Nonetheless, having two bills on succession in such short order may present challenges and in particular may be confusing for the users of the legislation. With that in mind, the committee discussed with witnesses whether there would be value in consolidating the legislation after the second bill, and that approach was supported. The committee welcomes the Government’s commitment to considering consolidation in the context of a future succession bill. Consolidating the two bills would improve the accessibility of the law for the public, which the Parliament should always strive to do.
As I mentioned, succession is a complex area of law that impacts on the public widely. The committee welcomed the Scottish Government’s recognition of that and its commitment to review and update its guidance on what to do after a death. The committee remains of the view that it would be helpful to have guidance on what people need to do before death, as the minister noted, and it encourages the Scottish Government to reflect on the benefits of such guidance. We should all be aware of the desirability of leaving a properly functioning will.
As I said, the bill covers a disparate and varied set of measures in relation to succession, and members will be pleased to hear that I have no intention of covering most of them. I do, however, want to cover a few.
Section 1 provides that, if a marriage ends in divorce or a civil partnership terminates by dissolution, any provision in a will that benefits the testator’s former spouse or civil partner will not take effect. Section 1 applies to provisions in wills that appoint the testator’s former spouse or civil partner as a guardian of a child. That means that, under section 1 as it stands, a former spouse or civil partner could not become a guardian of a child.
Witnesses argued that it might be desirable in some cases for a former spouse or civil partner to become a guardian, irrespective of the absence of express provision to that effect, and that it would be unfortunate if their only option was to seek parental rights through lengthy and costly legal proceedings. The committee found those arguments persuasive, so it is pleased that the Scottish Government has agreed to lodge an amendment at stage 2 to remove the appointment of guardians from the effect of section 1.
Another area that I will highlight relates to survivorship. Sections 9 to 11 deal with the law relating to survivorship in the event of a common calamity, such as a car accident, in which two or more people’s deaths were simultaneous or it is not clear which person lived longer. A number of issues arose in relation to those sections. In particular, witnesses expressed concern about the situation in which a family perish together and, because the order of death is uncertain, the estate falls to the Crown rather than to other relatives.
Although the committee recognises that such a situation will arise rarely, it would not want the estate to fall to the Crown in such circumstances. It seems highly improbable that that would ever have been the testator’s wish.
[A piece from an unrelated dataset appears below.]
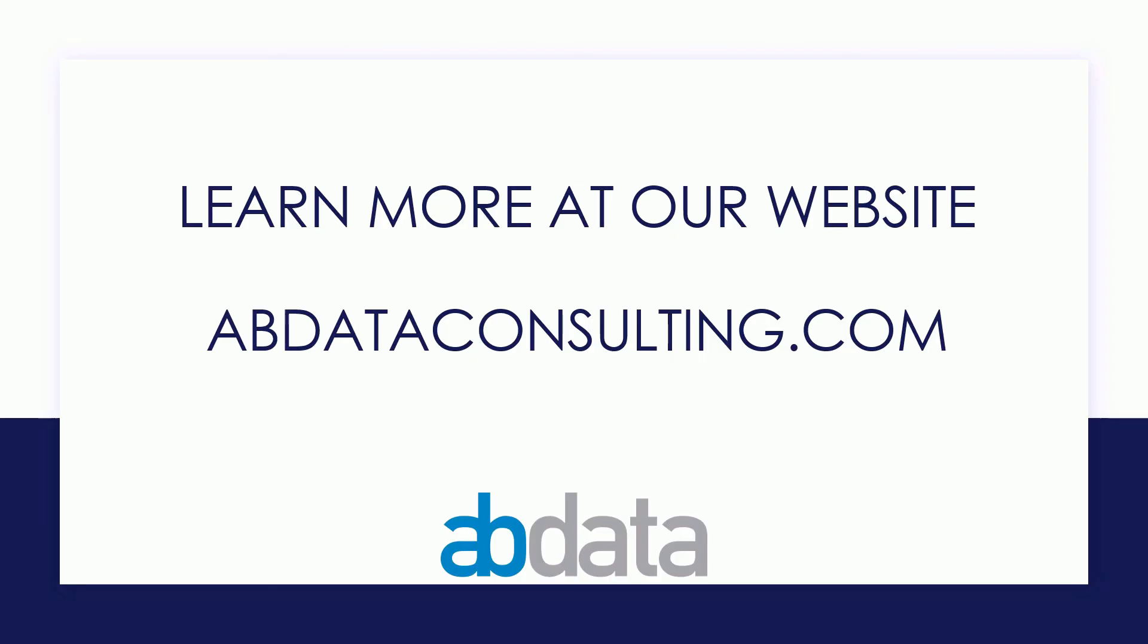Thank you for learning with us today. Good luck on your Alteryx journey. For more information on custom training, managed service automations and more, please visit our website at abdataconsulting.com.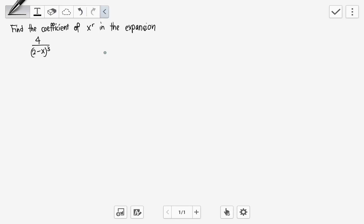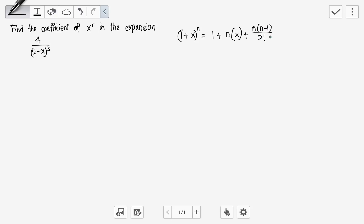This is a question on finding the coefficient of x^r in this expansion — a question on binomial expansion. For binomial expansion, we want to make use of this formula. When you have (1 minus x) to the power of n, the expansion follows: n times x plus n times (n minus 1) over 2 factorial times x squared plus n times (n minus 1) times (n minus 2) over 3 factorial times x cubed, and so on. This expansion is valid for x smaller than 1.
I am pleased that the Scottish Government is reflecting on the matter, and I hope that a solution will be found that avoids the possibility of the estate falling to the Crown, as far as that is practicably possible.
The committee expressed concern about the inconsistency of expression in the ancillary powers in the bill as compared with other bills. That is not a new concern. The committee welcomes the Scottish Government’s commitment to reflect further on how ancillary powers are expressed. We acknowledge that there might be reasons for framing the ancillary powers in a specific bill in a particular way, but we feel that there frequently seem to be differences in how such powers are framed that do not make much sense in the context.